But that’s another topic.

Right now, let’s say you’ve decided to sell with an agent. You’ve interviewed a few agents and selected the one you dislike the least.

Be careful. Stop. Think about it. Just for a couple of days. For your own sake.

If you do not slow down and think, you will do what most sellers do, step into the real estate bear-trap. And many sellers bitterly regret doing so.

The bear-trap is how agents lock-you-up, take control of you and the sale, charge you needless costs, slug you thousands of dollars even if your home fails to sell, sue you if you challenge them, pocket kickbacks from service providers, lodge a caveat on your home if you refuse to pay their obscene charges, and basically strip you of your fundamental consumer rights.

Don’t believe me? Think I am exaggerating?

Okay, try this: Before you sign-up with any agent, take their agreement to your solicitor and get a legal opinion. It’ll be the best couple of hundred dollars you’ll ever spend.

I can almost guarantee you this: No self-respecting solicitor will urge a home-seller to sign the listing agreement most agents ask sellers to sign. No way.

Agents will tell you that, by law, they cannot sell your home without a written agreement.

And that’s true.

But it doesn’t have to contain all the ‘nasties’ in their agreement.

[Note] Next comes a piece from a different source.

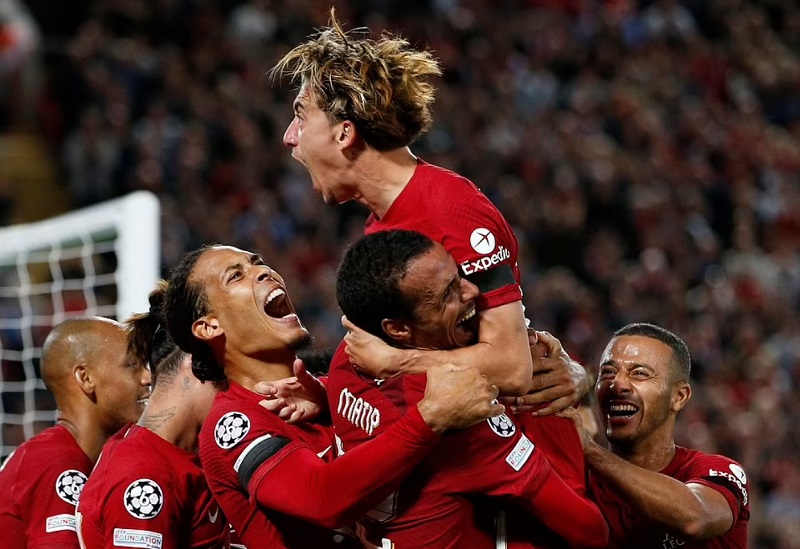 Trước vòng 9 Premier League Đại chiến Etihad 2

You can delete whatever you wish to delete – if you know what you are doing.

Although they make it seem harmless by telling you that it’s a “standard agreement” or that it has been “approved by the real estate institute”, that doesn’t mean it’s safe for you.

And it certainly doesn’t mean you should mind-numbingly sign it because an agent – who you probably met less than an hour ago – tells you to do so.

It’s your house, keep control of what happens. Be strong. Stand up for yourself.

Just consider what you do if you sign-up with an agent. You are giving up control of your biggest asset. To a near-stranger. After barely reading a document shoved under your nose.

I believe more than half the home-owners who sign-up with an agent never read the agreement before they sign it. At best, they glance at it.

In a world where dedicated doctors and scientists are scrutinised and criticised for trying to keep us physically healthy, consumers sign over the rights to their most valuable asset to estate agents who sole goal is sell their home at any price and enrich themselves to the max. It doesn’t make sense. We distrust those who deserve our trust and trust those who don’t deserve it.

It’s time to think more carefully about so much of what we do in our lives.

Think about it. Yes, those three words can save a lot of pain and a lot of money. Think about it. Don’t sign-up blindly. Wait. Another few days won’t hurt.

Less than one person in a hundred ever says what all home-sellers should say: “Please leave this agreement with me and I will have it checked out and get back to you.”

Unless you have real estate experience, unless you are a legal expert, then please, for your sake, DO NOT SIGN-UP with an agent without getting help from someone who places your interests first.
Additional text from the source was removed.